To illustrate the impact, consider a $400,000 home with a 20% down payment:

  • At a 4% rate: The monthly principal and interest payment is approximately $1,500.
  • At a 6.75% rate: The monthly payment jumps to about $2,100.

This $600 monthly difference amounts to $7,200 per year, significantly straining household budgets. While incomes have grown, the $11,000 increase in the typical household income since 2019 only adds about $300 to the recommended monthly housing budget under the 30% rule—far short of compensating for the rate increase.

What Is the Outlook for Future Affordability?

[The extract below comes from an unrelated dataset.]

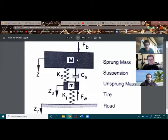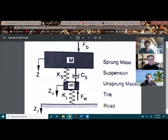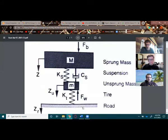For our project, we're going to be modeling a quarter car model. This is the general diagram that we found would be sufficient for modeling our car.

The key to improving affordability lies in two areas: mortgage rates and housing supply. A modest decrease in interest rates, which some analysts anticipate following potential Federal Reserve action, could provide immediate relief by boosting buying power. However, a more permanent solution requires an increase in the supply of homes for sale, particularly in more affordable price segments.

For buyers in 2025, the reality is a more modest budget due to elevated rates. Focusing on metros with strong job markets and looking in suburban areas can reveal opportunities. As one Phoenix real estate agent notes, sellers are currently more willing to negotiate on price and concessions, presenting a window of opportunity before potential rate cuts intensify competition.

The bottom line for buyers: Your buying power is heavily influenced by interest rates, not just your income. While a few markets show improvement, be prepared for a competitive search for affordable homes and consider consulting a local agent to understand hyper-local opportunities.